Viper: Open Mamba-based Vision-Language Models

Yufan Zhuang^1,2, Pierce Chuang², Yichao Lu², Abhay Harpale², Vikas Bhardwaj², Jingbo Shang¹

¹UC San Diego, ²Meta

Viper-Jamba-52B || Viper-Mamba-7B || Evaluation || Github

(Logo Created by ChatGPT-4o)

Viper VLMs are built on the Mamba architecture, which offers efficiency and strong performance in handling long-range dependencies compared to Transformers.
The models process visual tokens from entire images, leveraging Mamba's strengths in linear-time complexity and long-range reasoning for vision tasks, and are trained on the Cambrian-7M dataset, supporting up to 2K resolution.
Viper VLMs demonstrate competitive performance on diverse benchmarks, setting the stage for potential future shifts in vision-language model architectures.

Introduction

We introduce Viper, a series of open vision language models (VLMs) built on the Mamba architecture. Since Mamba's inception, it has been regarded as a promising alternative to the Transformer as the foundational architecture for large language models. Mamba offers a significant advantage in terms of linear-time complexities with respect to input sequence length, while also outperforming Transformers in tasks that require long-range dependencies understanding.

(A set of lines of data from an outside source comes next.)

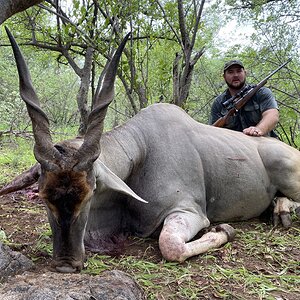 Eland Hunting South Africa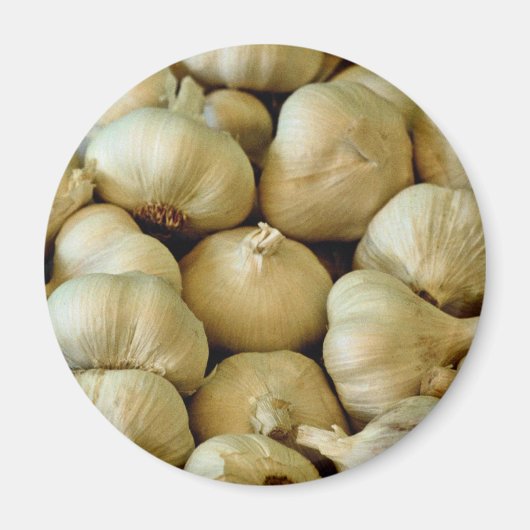 Knoblauch, frisch magnet (Vorne)
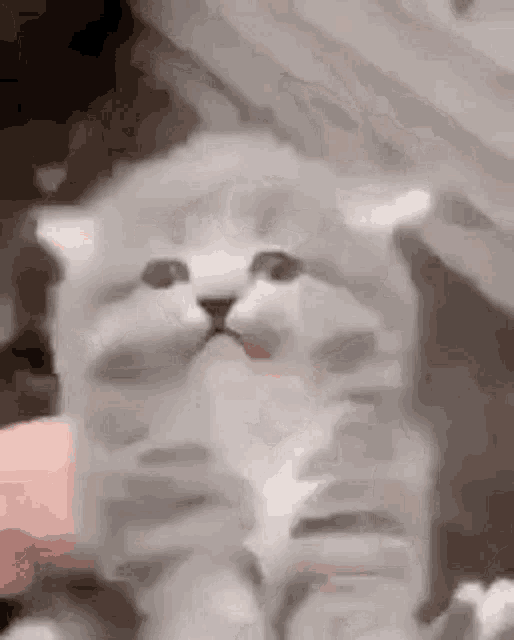 Cat Glitch GIF - Cat Glitch Personabey GIFs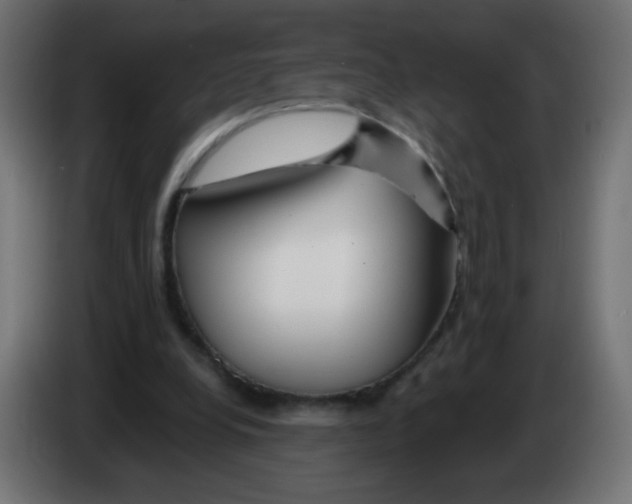 X0000083020248200703022010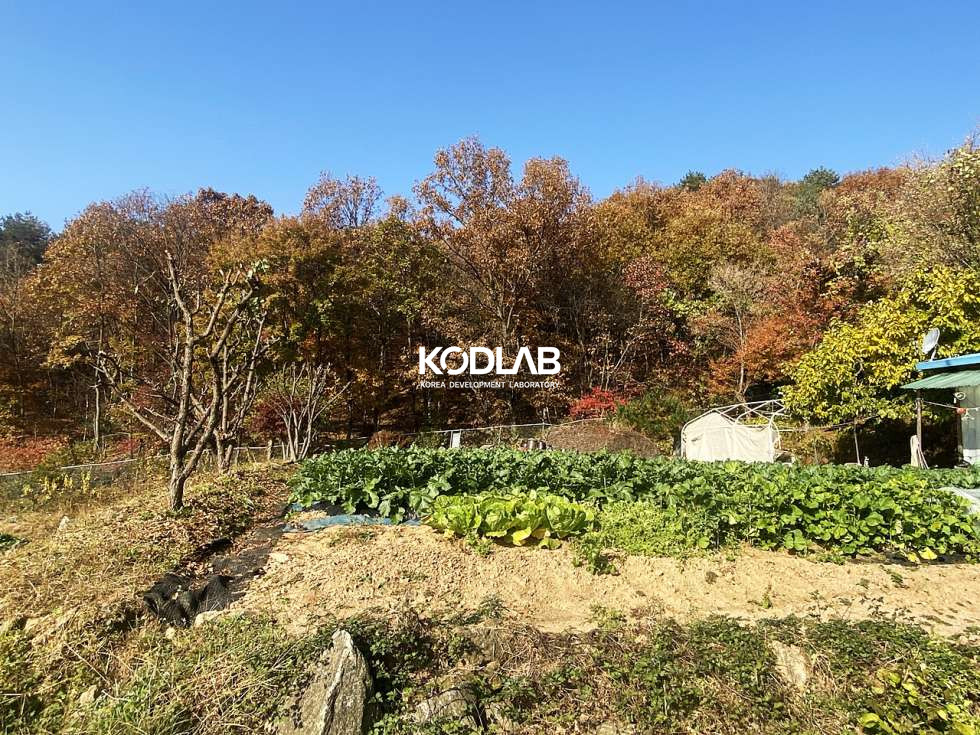 경기 양평군 강상면 대석리 2차선 도로 차량4분, 평당 110만원 강상면 투자 목적용 토지 매매 매물번호 10663 사진 9
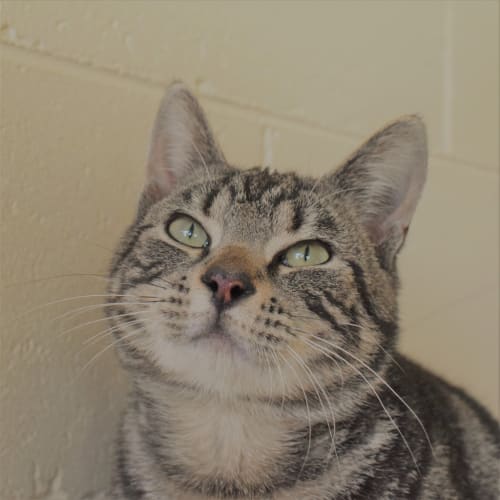 Felix (adoption Pending)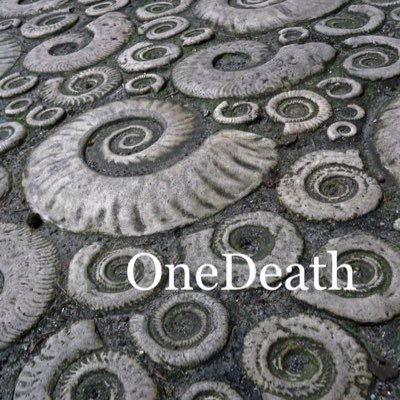 onedeath_org's profile picture. Helping to remove the secrecy about death and the concealment of the dying. Deathscussions coming soon #deathpositive #deathadvocate #deatheducation ⚰️ 💀
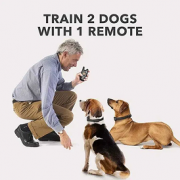 Нашийник для тренування / корекції поведінки собак Dog Care TC 08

In Viper VLMs, we imbibe all visual tokens into the model and inference on the entire image, relying on Mamba's efficiency and long-range reasoning power to comprehend the vision inputs. The models are trained on the Cambrian-7M, natively supporting up to 2K resolution. We show that Viper VLMs are competitive with open-sourced VLMs across diverse benchmarks. This work lays the groundwork for potential architectural shifts in future vision-language models, highlighting Mamba's promising role in advancing this field.

Model Architecture

We use the single-encoder design with linear projectors connecting the vision encoder and LLM backbones.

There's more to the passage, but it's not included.